RIEB Seminar

RIEB Seminar

Saturday, July 8, 2023, 15:00 - 17:00

RIEB Seminar

Jointly supported by The Japanese Association for South Asian Studies, The 36th Annual Conference Committee

Date & Time Saturday, July 8, 2023, 15:00 - 17:00
Place Meeting Room at RIEB, Kobe University (Annex, 2nd Floor)
Intended Audience Faculty, Graduate Students, and People with Equivalent Knowledge
Language Japanese
Number of Seats Seating is lmited to 35. The registration may close prior to July 4 if all seats are taken.
Remarks Please complete the registration before July 4.
Registration Form (Due: July 4)
15:00 - 17:00
Topic
Seeing the Unseen in the Process of Filmmaking: Indian Migrant Women in Tokyo
Speaker
Megha WADHWA (Free University of Berlin / Institute of Comparative Culture, Sophia University)
Abstract
Dr. Megha Wadhwa, a filmmaker and Research Associate at Free University of Berlin, as well as a Visiting Fellow at Sophia University, Tokyo, will screen an hour-long documentary film 'Finding their niche: Unheard stories of migrant women'. The film is inspired by a chapter of her Ph.D. dissertation, which was adapted into a book "Indian migrants in Tokyo: A study of socio-cultural, religious and working worlds" (Routledge 2021). After the screening, Dr. Wadhwa will discuss with us the process of creating a film using visual methods and her research experiences in the field with and without camera. The film has both English and Japanese subtitles.

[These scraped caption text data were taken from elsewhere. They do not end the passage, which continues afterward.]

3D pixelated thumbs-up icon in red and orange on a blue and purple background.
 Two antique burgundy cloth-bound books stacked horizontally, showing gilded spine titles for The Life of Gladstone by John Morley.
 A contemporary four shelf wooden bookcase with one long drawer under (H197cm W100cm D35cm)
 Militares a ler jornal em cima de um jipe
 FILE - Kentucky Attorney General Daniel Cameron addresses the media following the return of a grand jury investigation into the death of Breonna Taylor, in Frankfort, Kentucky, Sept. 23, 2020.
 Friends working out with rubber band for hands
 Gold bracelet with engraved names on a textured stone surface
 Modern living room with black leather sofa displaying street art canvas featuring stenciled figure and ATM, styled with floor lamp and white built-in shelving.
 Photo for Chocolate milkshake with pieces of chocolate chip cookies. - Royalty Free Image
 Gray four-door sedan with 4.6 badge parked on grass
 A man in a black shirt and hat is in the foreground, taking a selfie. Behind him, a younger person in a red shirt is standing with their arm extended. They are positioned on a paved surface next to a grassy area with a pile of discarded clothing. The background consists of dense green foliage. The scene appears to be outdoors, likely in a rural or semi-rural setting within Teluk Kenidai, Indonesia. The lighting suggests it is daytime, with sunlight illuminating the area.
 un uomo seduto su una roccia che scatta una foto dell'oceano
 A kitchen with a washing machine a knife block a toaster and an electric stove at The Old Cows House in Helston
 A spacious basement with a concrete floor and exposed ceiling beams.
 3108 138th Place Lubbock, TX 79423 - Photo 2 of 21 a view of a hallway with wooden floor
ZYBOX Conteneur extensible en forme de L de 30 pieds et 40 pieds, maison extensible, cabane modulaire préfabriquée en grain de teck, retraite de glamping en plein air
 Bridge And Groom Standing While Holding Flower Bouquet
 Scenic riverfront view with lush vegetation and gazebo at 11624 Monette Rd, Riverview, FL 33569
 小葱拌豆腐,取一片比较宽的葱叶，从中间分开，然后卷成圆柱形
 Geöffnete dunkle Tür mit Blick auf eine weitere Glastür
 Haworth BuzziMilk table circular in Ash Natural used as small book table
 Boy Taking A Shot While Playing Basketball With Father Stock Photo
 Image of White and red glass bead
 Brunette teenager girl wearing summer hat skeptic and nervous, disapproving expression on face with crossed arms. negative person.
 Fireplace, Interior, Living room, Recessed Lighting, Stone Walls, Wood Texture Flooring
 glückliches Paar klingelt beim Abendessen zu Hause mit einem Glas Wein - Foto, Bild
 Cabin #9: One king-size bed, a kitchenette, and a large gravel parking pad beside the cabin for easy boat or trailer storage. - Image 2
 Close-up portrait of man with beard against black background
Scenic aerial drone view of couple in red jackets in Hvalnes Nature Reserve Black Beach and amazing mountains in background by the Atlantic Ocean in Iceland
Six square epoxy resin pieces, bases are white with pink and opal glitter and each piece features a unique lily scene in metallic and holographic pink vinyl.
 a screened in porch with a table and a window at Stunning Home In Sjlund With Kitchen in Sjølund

This film documents the life of two Indian women migrants who moved to Japan more than a decade ago as trailing spouses. Jyoti and Mandeep grew up in the state of Punjab, northern India, in middle-class households. They received a good education and had promising careers in India. Then, in their early 20s, they each agreed to marry men living in Japan by arrangement.

The women were excited to move to a foreign country and to be with their husbands, but they had no prior knowledge of Japan. Having witnessed at a distance the lives of their relatives settled in the US, UK and Canada, they had similar expectations for their own future lives in Japan. But the reality was to prove different from the expectation. In place of comfort, luxury, love, and fun, loneliness and fear took over.

Through personal narratives told by the women, we examine past, present and future expectations and see how these affect their roles as Indian women, wives, mothers and workers in a foreign country, as well as the challenges they faced in 'Finding their Niche'.